In this brave new world, what other movies would be restricted to adults only? Casablanca, All About Eve, From Here to Eternity and Bridge on the River Kwai would all have to be shown after the 9pm watershed.
And let’s not forget the original cartoon version of 101 Dalmatians, featuring that nasty tobacco user Cruella de Vil. It all starts to sound just a little bit extreme, doesn’t it?
The anti-smoking fanatics say they want to protect children. Perhaps, but surely there are better ways of doing it than by censoring films and restricting freedom of expression?
For a start, we could have stronger educational programmes for children – and their parents. And we could actually enforce the legal age limit for buying tobacco and punish those shopkeepers who knowingly sell to kids.
SmokeFree Liverpool says there is evidence to suggest that smoking in films makes children want to smoke.
This is just the latest example of the anti-smoking lobby’s history of exaggeration, manipulation and plain old making things up.
What does encourage children to smoke is when the habit is seen as taboo. The more forbidden and wrong it is made to seem, the more likely it is that children, especially teenagers, will be attracted to it.

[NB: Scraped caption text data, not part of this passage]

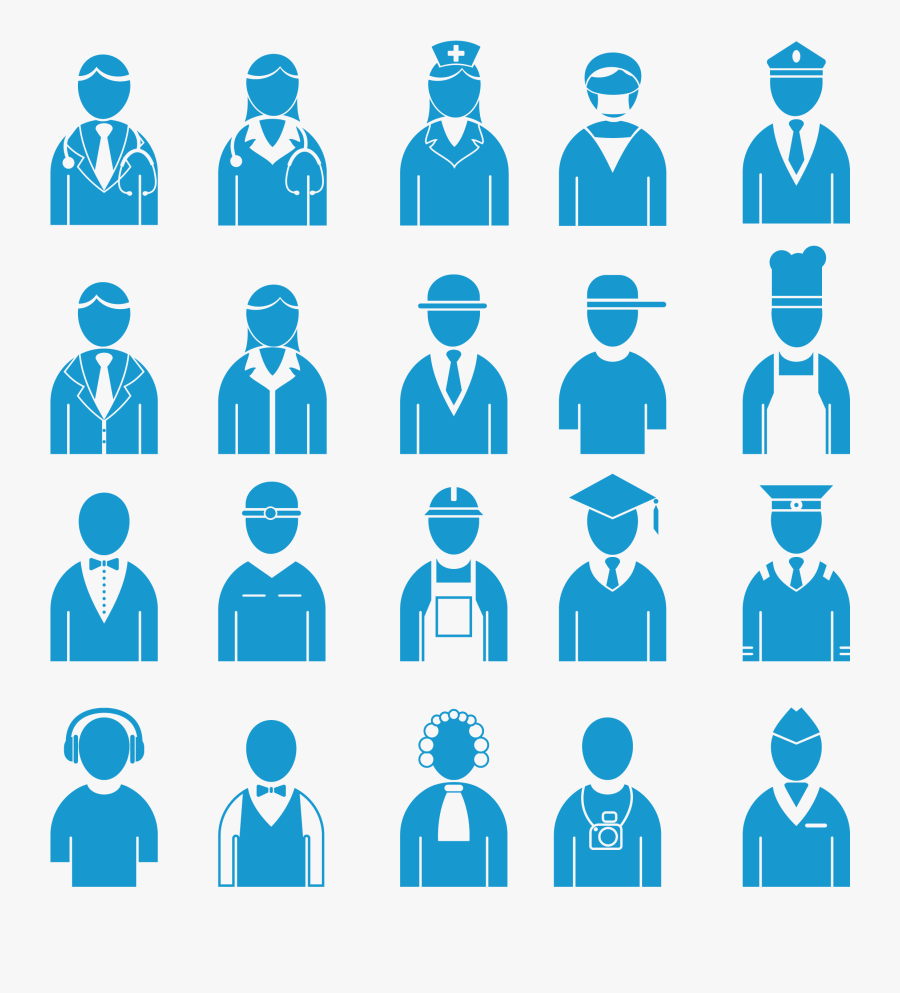 Miles Morales, Transparent Clipart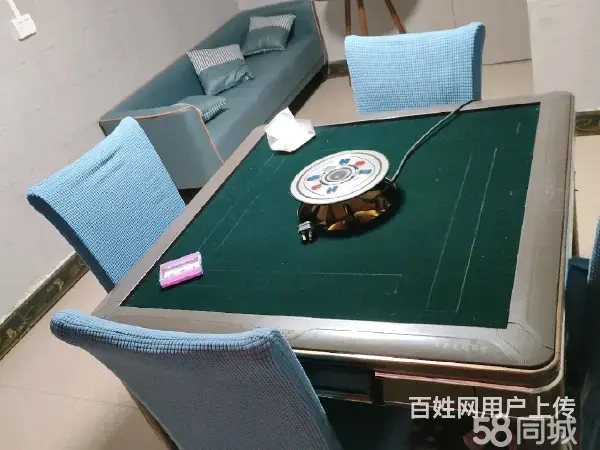 急转！遵义市红花岗区火烧坝168平休闲茶苑 - 图片 4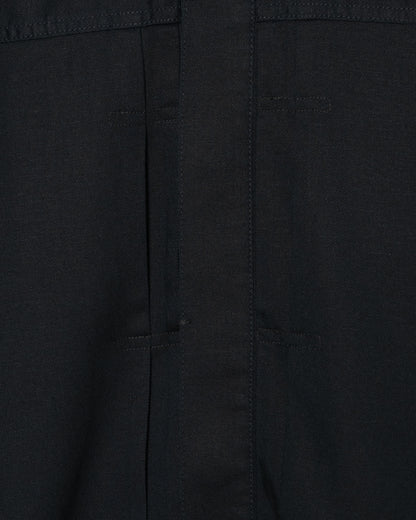 Authentic Linen First-Type Jacket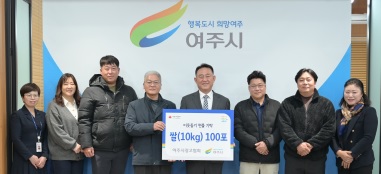 광고협회.jpg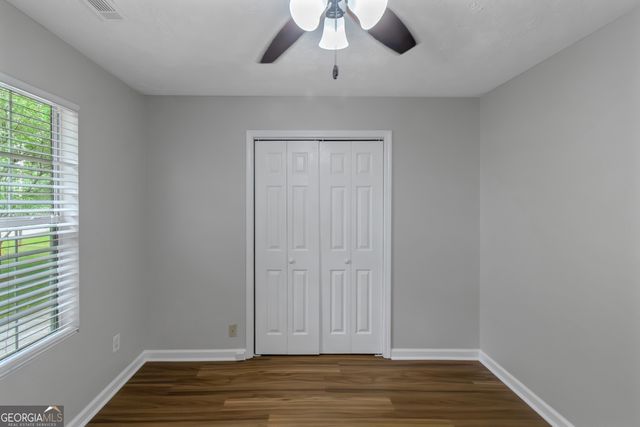 97 Livingston Lane, Covington, GA 30016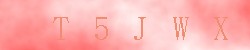 <!--| u_f_s_valimg |-->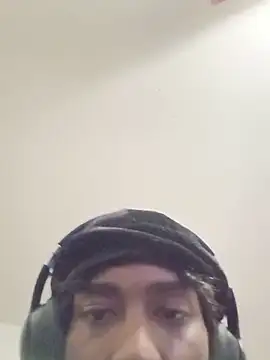 slimeoody93 online show from 06/13/26, 06:22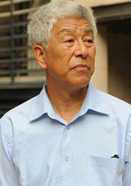 高恆源  演員 張洪傑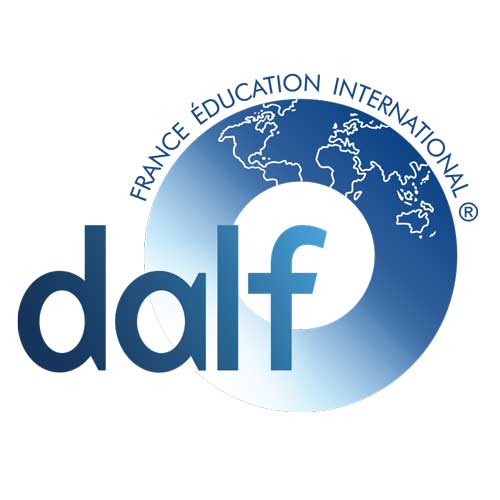 DALF - Examen et certificats de Français Moscou - Prolangue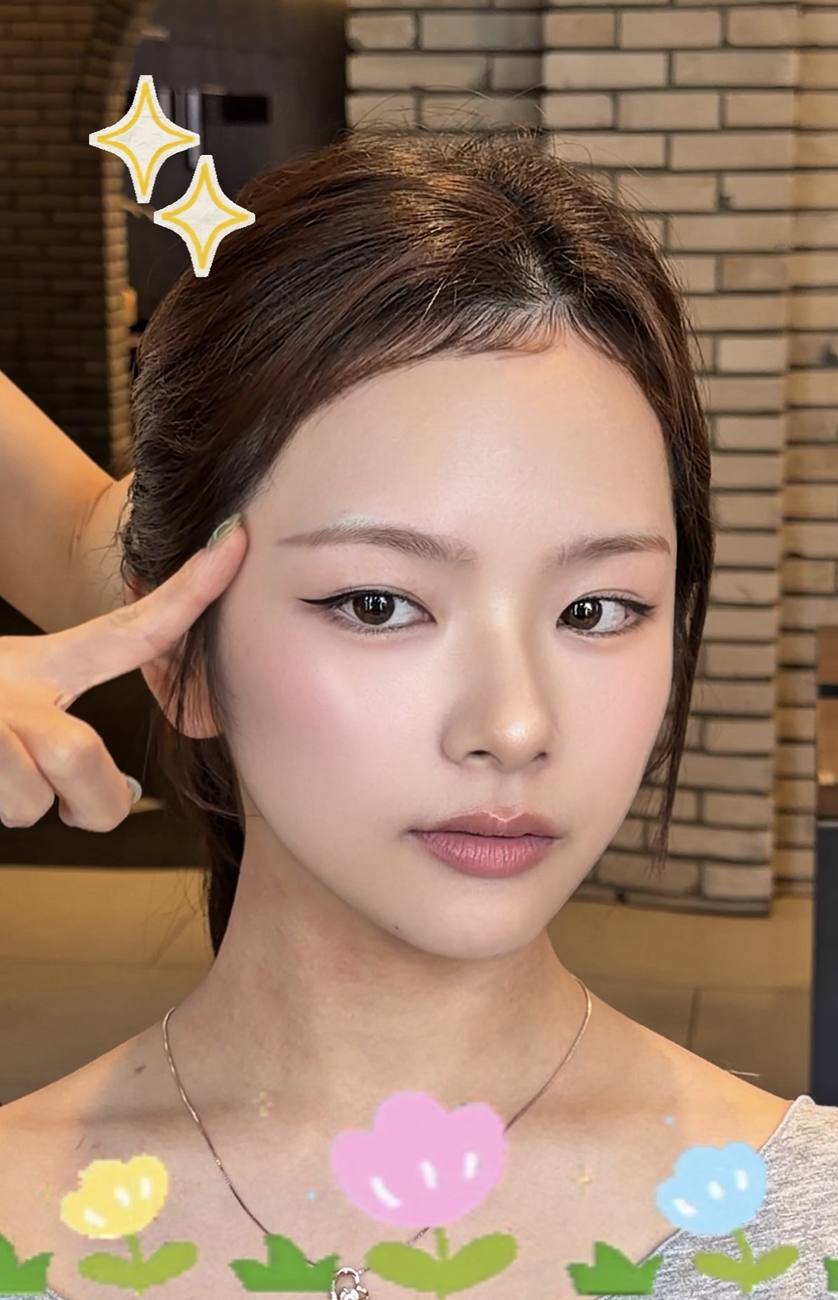 스타일 갤러리 13
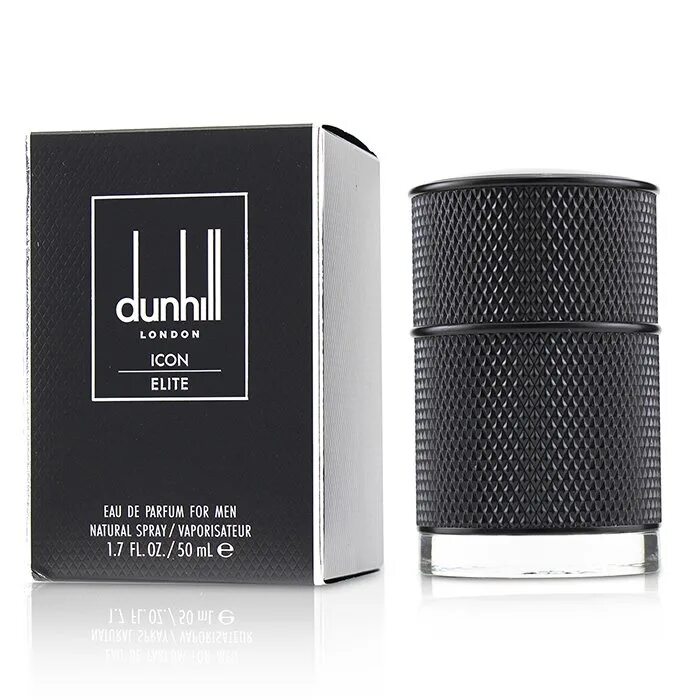 Dunhill icon купить. Dunhill icon Парфюм. Духи Dunhill icon мужские. Данхилл Айкон мужской.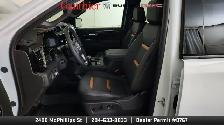 2024 GMC Sierra 1500 AT4 - Photo 19
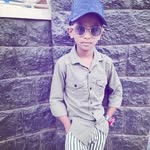 @___basil___rocks___ - Instagram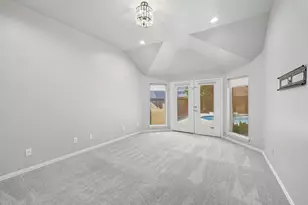 1812 Talon Ct, Keller, TX 76248 - Photo 16
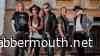 AEROSMITH Announces Summer 2020 European Tour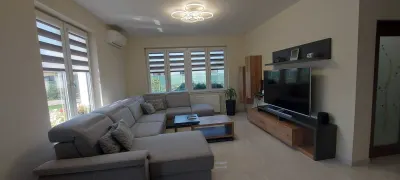 Casă 2 camere Satu Mare - poza 5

Instead of this constant hysteria, surely it is better to tell children that while smoking is a serious risk to their health – and expensive – it is also nothing more than a mundane habit.
I’ve seen the anti-smoking extremists up close, so naturally I’m a bit cynical when they say it’s all about "the children".

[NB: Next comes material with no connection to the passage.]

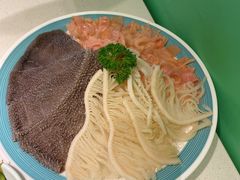 -麻辣空间·清油火锅(万达广场店)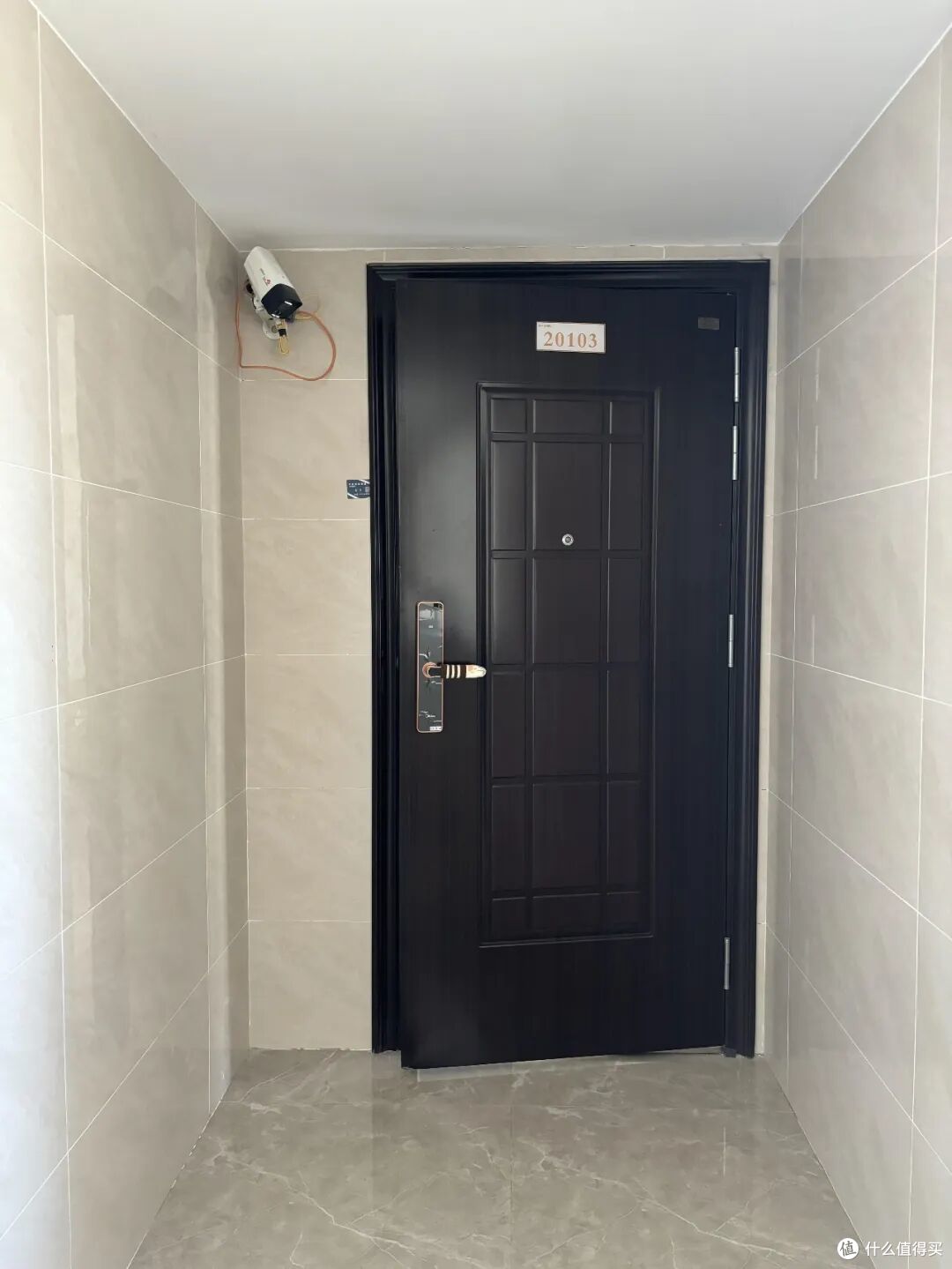 第一次对「乐高积木」产生了敬意!以为是玩具,没想到是家居神器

When a film receives an 18 certificate, it excludes not only youngsters but many adults who don’t like excessive violence and strong language. That’s why film- makers like 15 certificates, because it says, "this is entertainment for grown-ups, but it doesn’t go too far".
The extremists know that by slapping an 18 certificate on smoking scenes, more and more film-makers will just stop showing smoking altogether until cinema will depict a world in which smoking does not exis. This is not just censorship – it is intimidation and bullying.
And, if this was to become a reality, how long before scenes of excessive drinking or consumption of fast food are given the 18 certificate "to protect the children"?
Children do need to be protected, but We have to retain some perspective and some balance, otherwise it’s our freedoms that will go up in smoke.